Recuerdos sobre ruedas

José A. Ponte Far VIÉNDOLAS PASAR

FERROL

07 mar 2021 . Actualizado a las 05:00 h.

Aquella época fue irrepetible, como todas las épocas, y la gente y los sucesos de entonces no volverán nunca y morirán cuando ya nadie los recuerde». Esto dice Luis Landero en su última novela, El huerto de Emerson, y en ello pienso yo mientras voy en mi coche subiendo la cuesta de los Barreiros, detrás del autobús que une mi pueblo con Santiago. Lo que antes era «el coche de línea» o «el Celta» ahora es «autobús de transporte público» y también es otra la empresa. Hay dos carriles de subida, pero no quiero adelantarlo. Prefiero ir detrás de él y rehacer mentalmente el viaje de aquel viejo coche que nos cogía muy temprano en el pueblo y nos dejaba, hora y cuarto después, en un Santiago pueblerino e inolvidable, más cerca de la Edad Media que de la modernidad que no acababa de llegar nunca. El mismo coche que, por la tarde-noche, nos devolvía a la familiaridad y monotonía de la vida diaria del pueblo. Pero antes de llegar había que subir los Barreiros, por donde vamos ahora, la cuesta empinada y con más curvas por metro cuadrado que había en toda la comarca. Carretera estrecha, pinos y vegetación a ambos lados, curvas cerradas, sin visibilidad… un vía crucis para cualquier vehículo, pero una misión casi imposible para el viejo coche de línea. Subía jadeando, despacio, como con temor a lo que pudiera surgir entre la niebla y la maleza. Porque este coche, durante los largos meses del invierno, era nocturno: salía a las ocho de la mañana del pueblo y llegaba de regreso a las ocho de la noche. Siempre con el mismo chófer y el mismo revisor: dos vecinos adustos, con su gorra y chaqueta de dril desgastadas, con cara de haber dormido mal por las mañanas y cara de cansancio por las noches. Al final de dicha cuesta, el coche, los dos empleados y los viajeros que lo necesitasen tenían un merecido descanso. En una taberna que había a la derecha se hacía una parada breve con la disculpa de recoger a una docena de obreros que trabajaban en la fábrica de madera que había al lado de la explanada que hacía de aparcamiento. Pero también se aprovechaba para tomar un café o una copa, que ayudaba a recuperar el ánimo perdido por el mareo de estómago que provocaba en mucha gente la subida.

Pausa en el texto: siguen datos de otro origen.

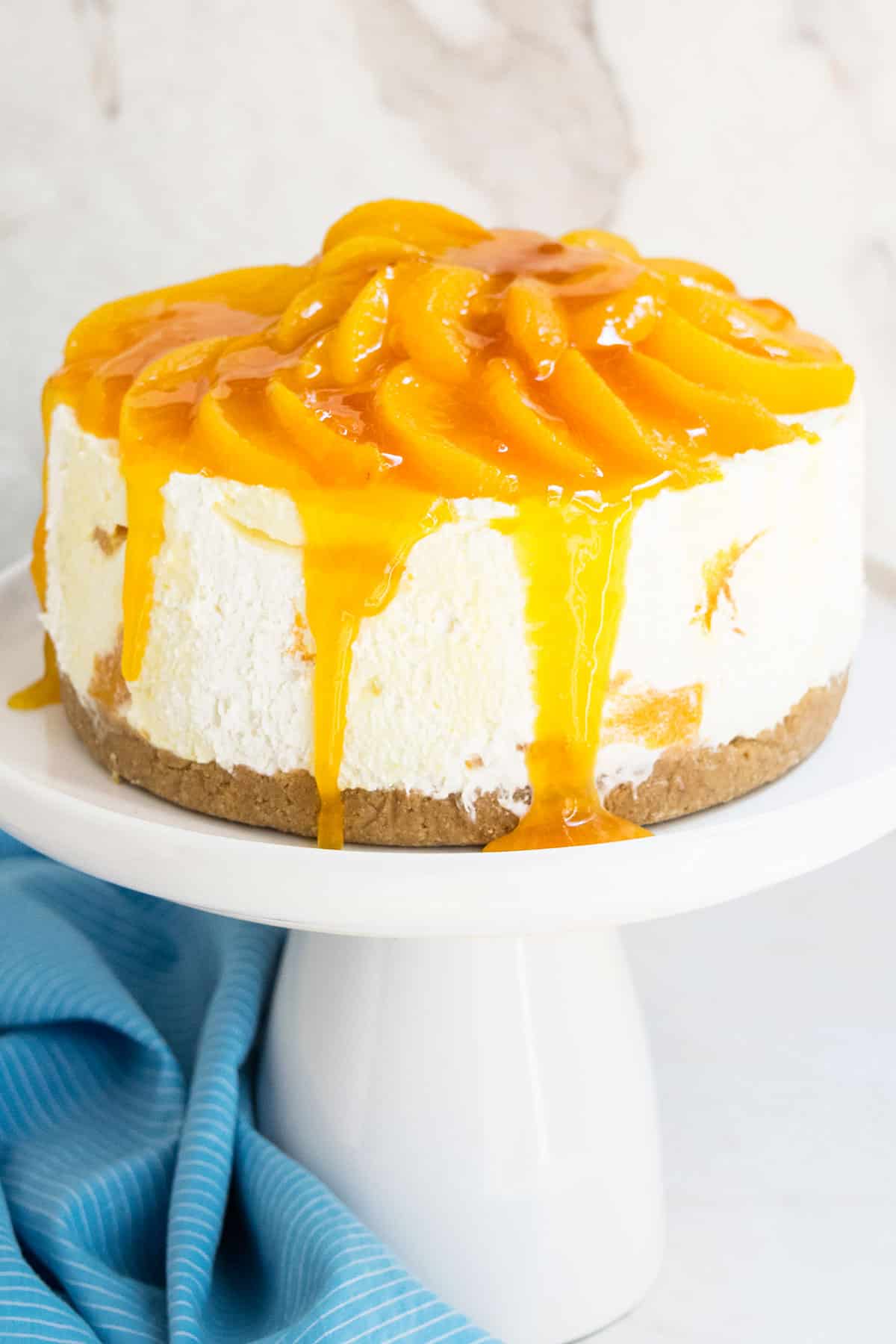 Closeup Shot of No Bake Cheesecake to Show Individual Layers. 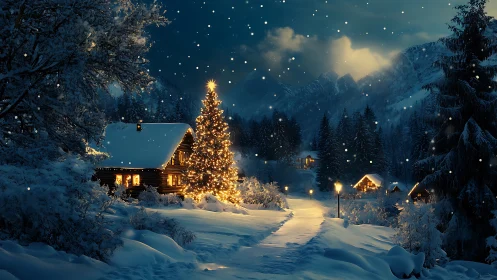 Snowy alpine village glows under winter night sky.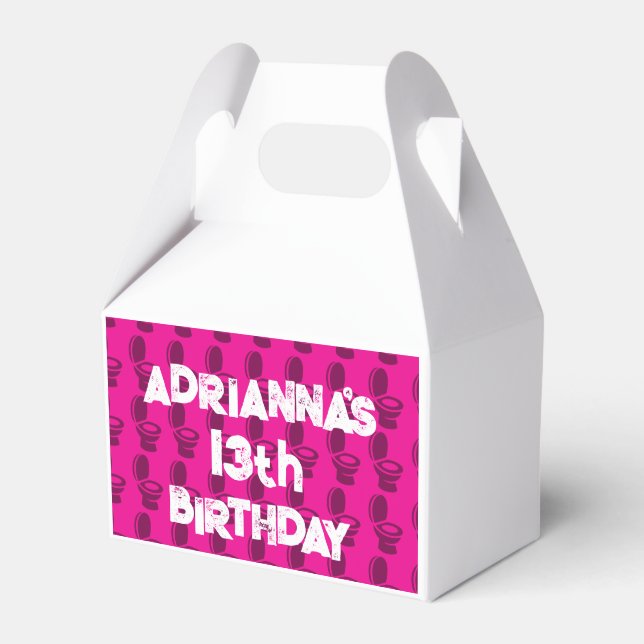 Skibidi Toilet Rosa Birthday Favor Boxes Presentaskar (Framsidan Sidan)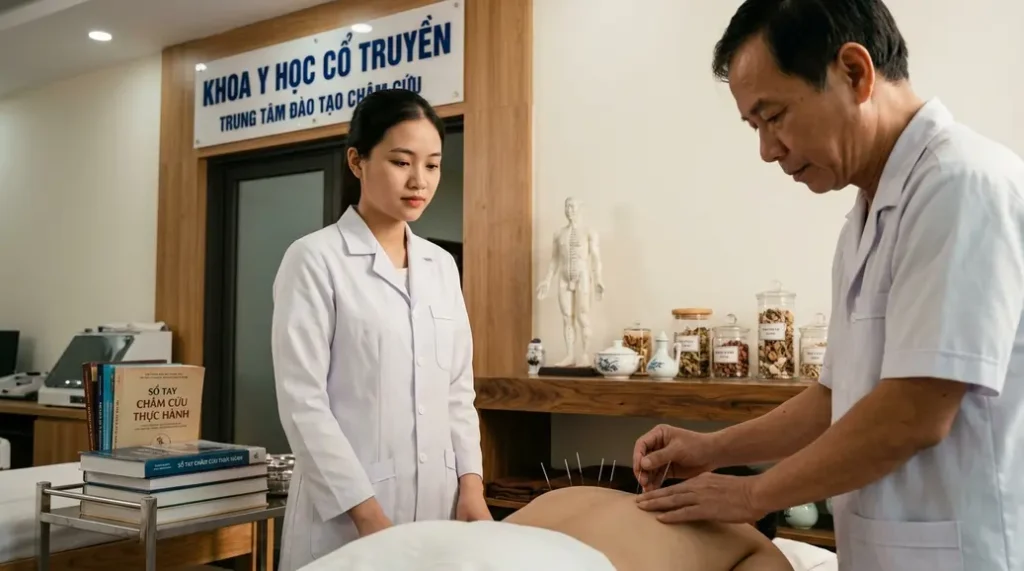 Sinh viên Y học cổ truyền thực hành châm cứu trong môi trường đào tạo bài bản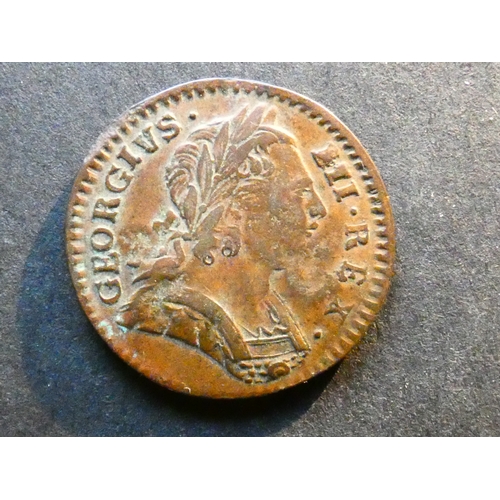 80 - COUNTERMARKED. Large R S, incuse, on reverse of George III copper Farthing, 1774, S-3775, NVF to VF.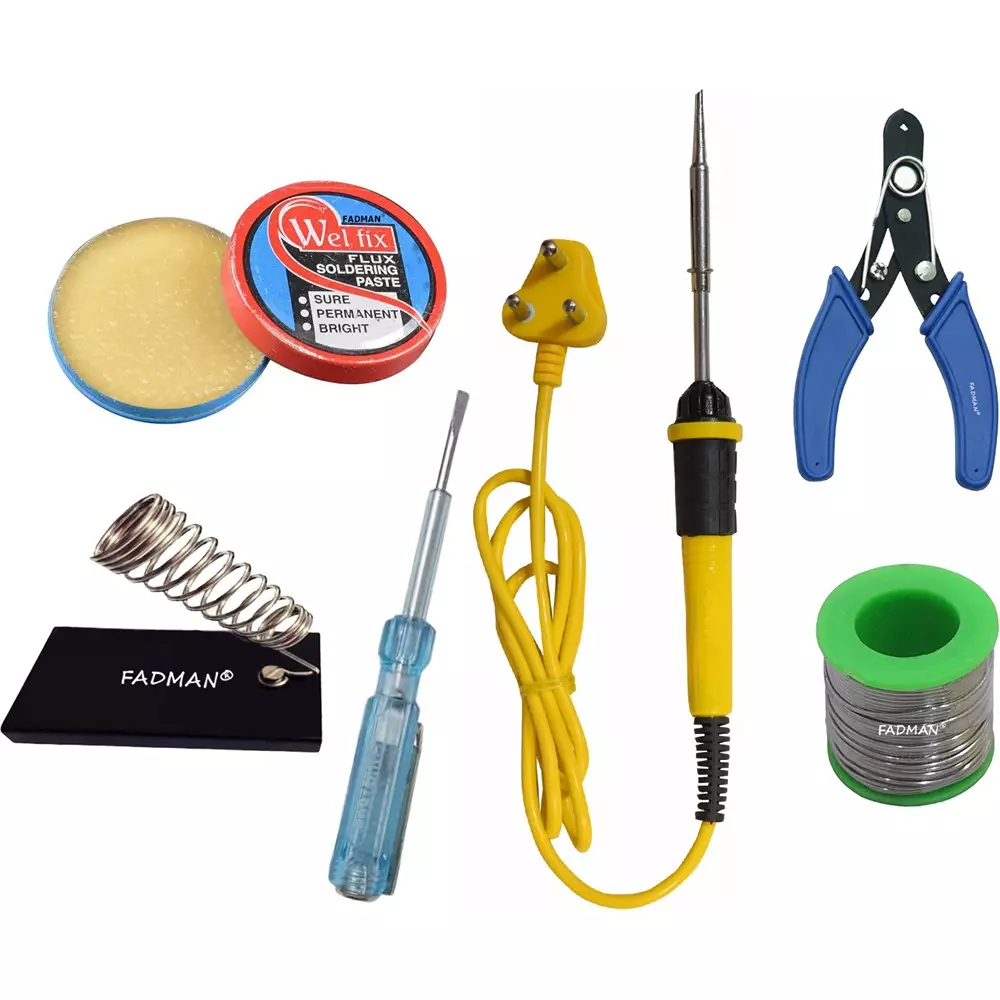 Fadman 6 In 1 Black & Yellow Soldering Iron Kit 25 W Corded Flat Copper, Iron & Nickle Tip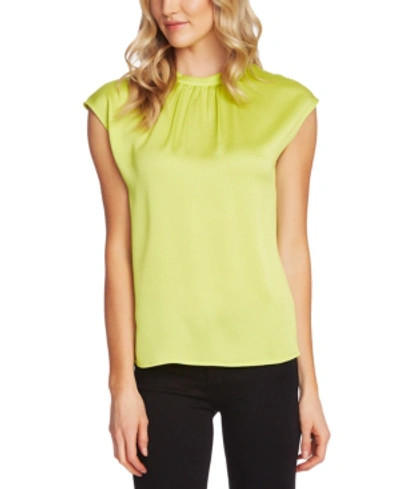 Vince Camuto Satin Shirred-neck Top In Lime Chrome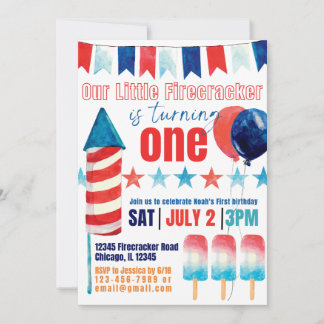 Our Little Firecracker is Turning One Invitation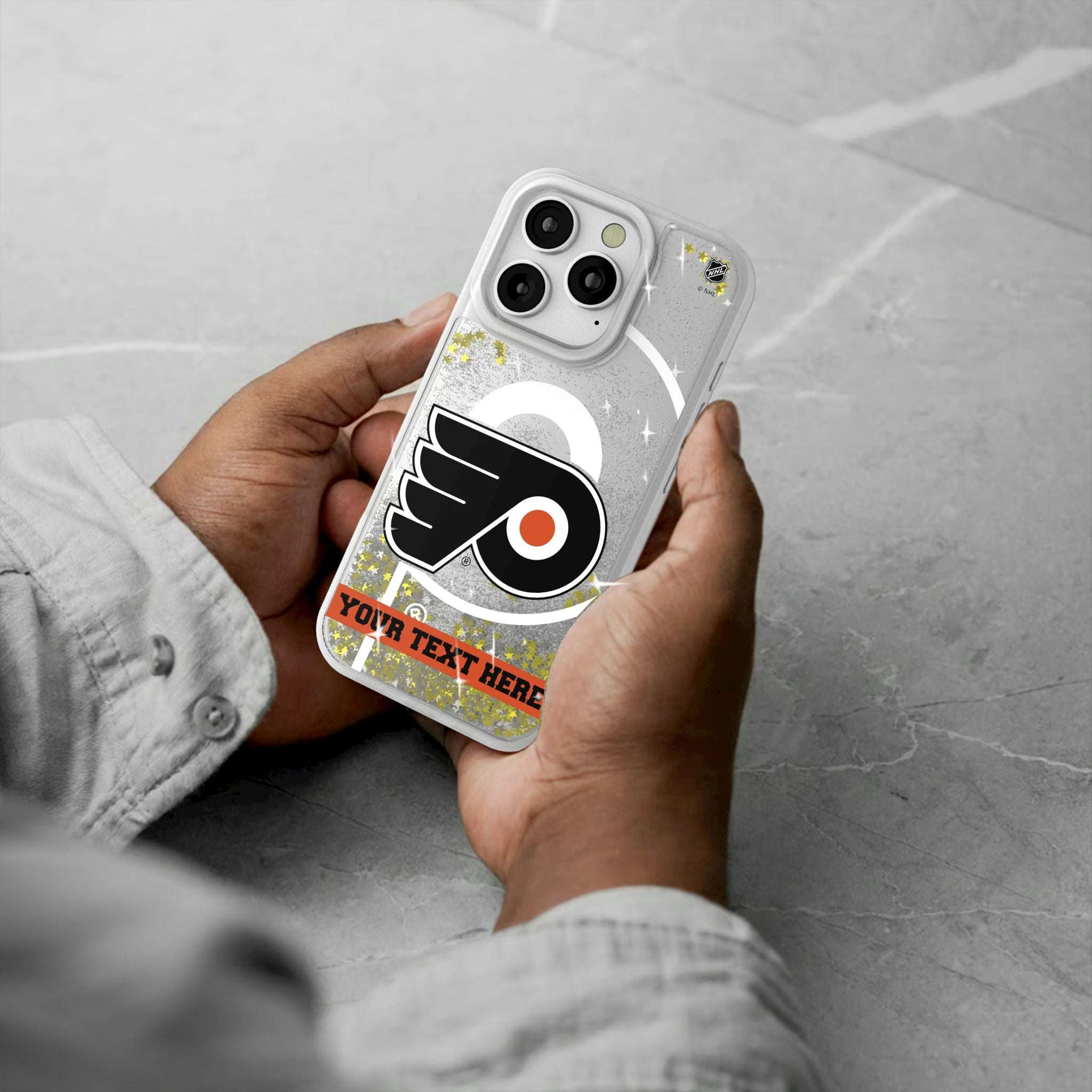 Philadelphia Flyers Personalized Tilt iPhone Glitter Phone Case for Apple iPhone - Lifestyle#Device_iPhone 16 Pro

Recuerdo un perro que estaba atado a la puerta de la taberna y lo contento que se ponía cuando veía llegar el coche. Años después, cuando se arregló la carretera y el coche ya no pasaba tan cerca ni hacía esa parada, el perro seguía ladrando al oír el sonido inconfundible del motor. Y ladraba con mucho empeño, pero desconcertado y ya sin esperanza.

Yo hice muchas veces el viaje de ida y vuelta en ese coche, especialmente en sexto de bachillerato por razones de estudio. Empezaba el viaje medio dormido, con gente mayor y ensimismada en sus problemas. Pero a medida que el coche se acercaba a Santiago, iban subiendo estudiantes con destino a colegios e institutos, y uno iba espabilando. La mayoría eran chicas de mi edad, abrazadas a sus libros. Siempre tuve la esperanza de que alguna se sentara en el asiento de al lado, pero fatalmente, en alguna parada anterior, lo ocupaba alguien, o una señora cargada de bolsas o algún señor de boina y bastón. Y allí iba yo, encajonado contra la ventanilla, asistiendo de espectador a la algarabía jovial de aquellas chicas tan despiertas y atractivas.

Y con esos recuerdos del viejo coche de línea decidí adelantar al moderno autobús de ahora, muy moderno, pero sin el carisma legendario de aquel. Este ya no me dice nada.